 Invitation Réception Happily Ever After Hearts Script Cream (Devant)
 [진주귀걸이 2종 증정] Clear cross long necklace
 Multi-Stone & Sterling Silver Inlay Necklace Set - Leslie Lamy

★ ★ ★ ★ ★ ★ ★

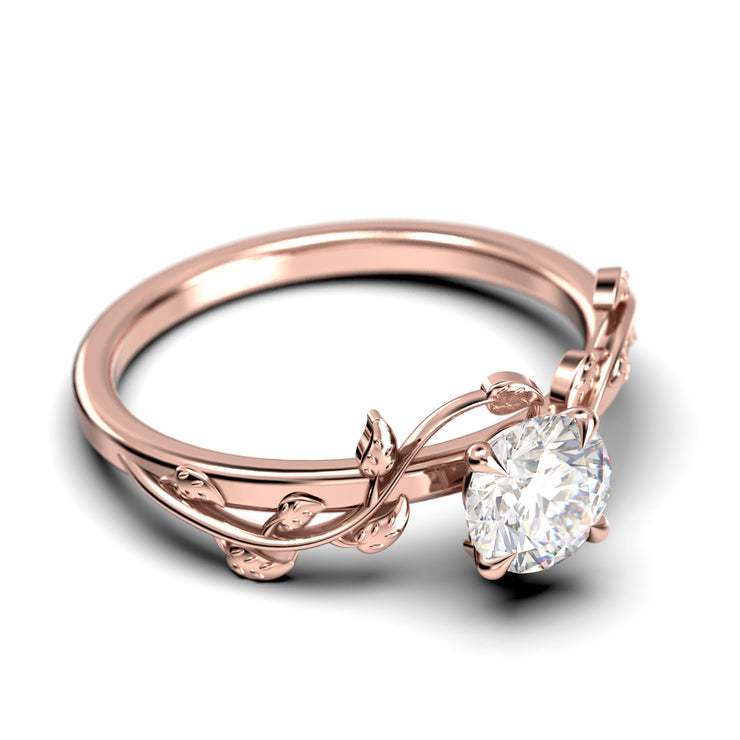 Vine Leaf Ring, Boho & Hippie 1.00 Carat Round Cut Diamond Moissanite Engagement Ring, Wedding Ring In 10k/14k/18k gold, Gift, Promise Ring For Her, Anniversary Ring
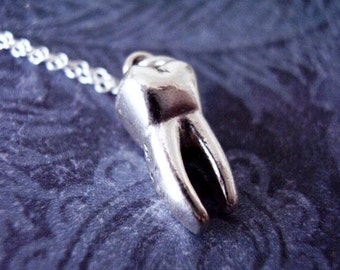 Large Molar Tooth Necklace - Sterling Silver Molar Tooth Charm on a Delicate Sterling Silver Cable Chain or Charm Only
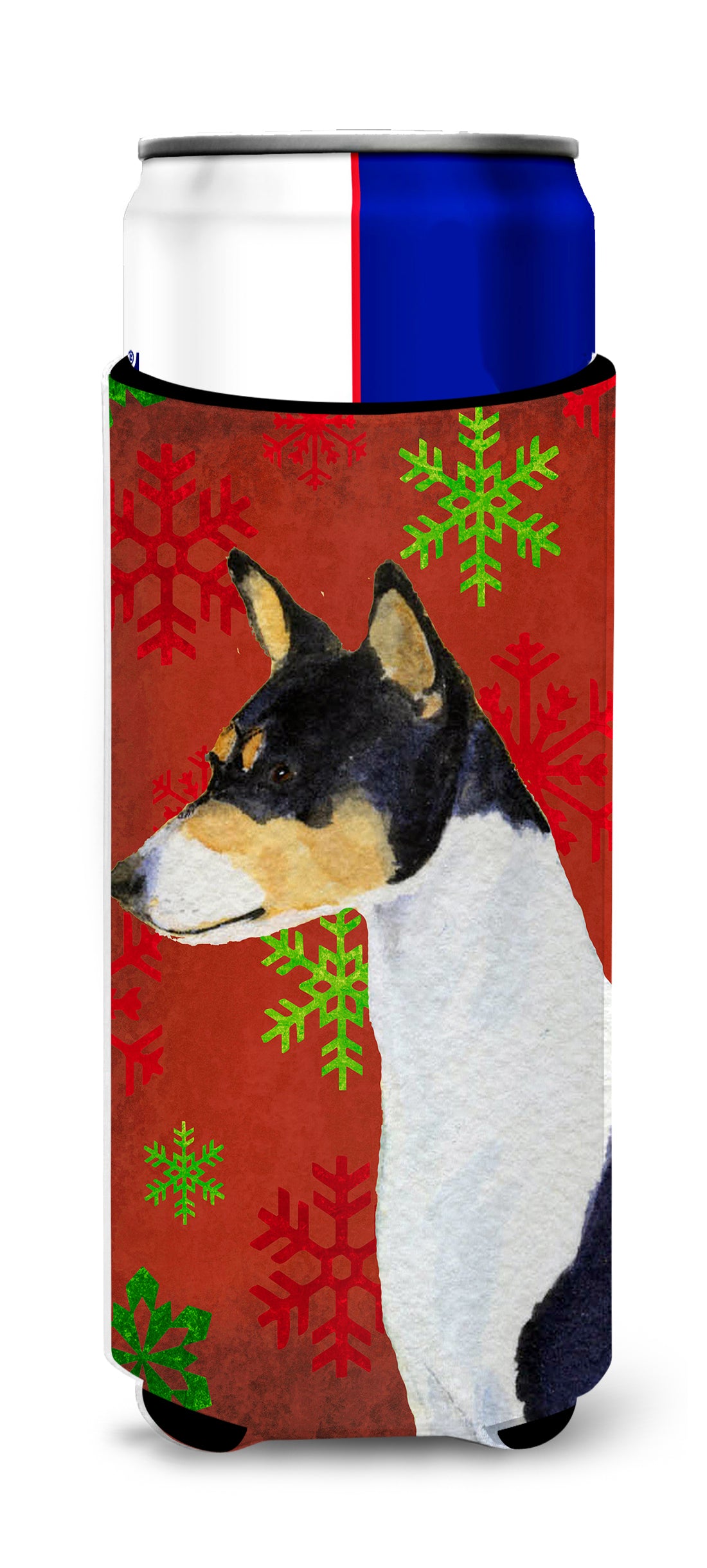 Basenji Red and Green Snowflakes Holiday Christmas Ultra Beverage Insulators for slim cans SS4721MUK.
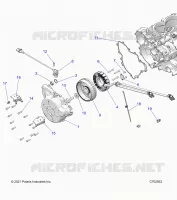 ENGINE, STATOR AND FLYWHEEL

★ ★ ★ ★ ★ ★ ★

■ **Work order**:
Retype only the stretch of lines above starting at the one with "Invitation Réception Happily" and stopping at the one with "Multi-Stone & Sterling", exactly as written, with both kept.

■ **Response below**:
 Invitation Réception Happily Ever After Hearts Script Cream (Devant)
 [진주귀걸이 2종 증정] Clear cross long necklace
 Multi-Stone & Sterling Silver Inlay Necklace Set - Leslie Lamy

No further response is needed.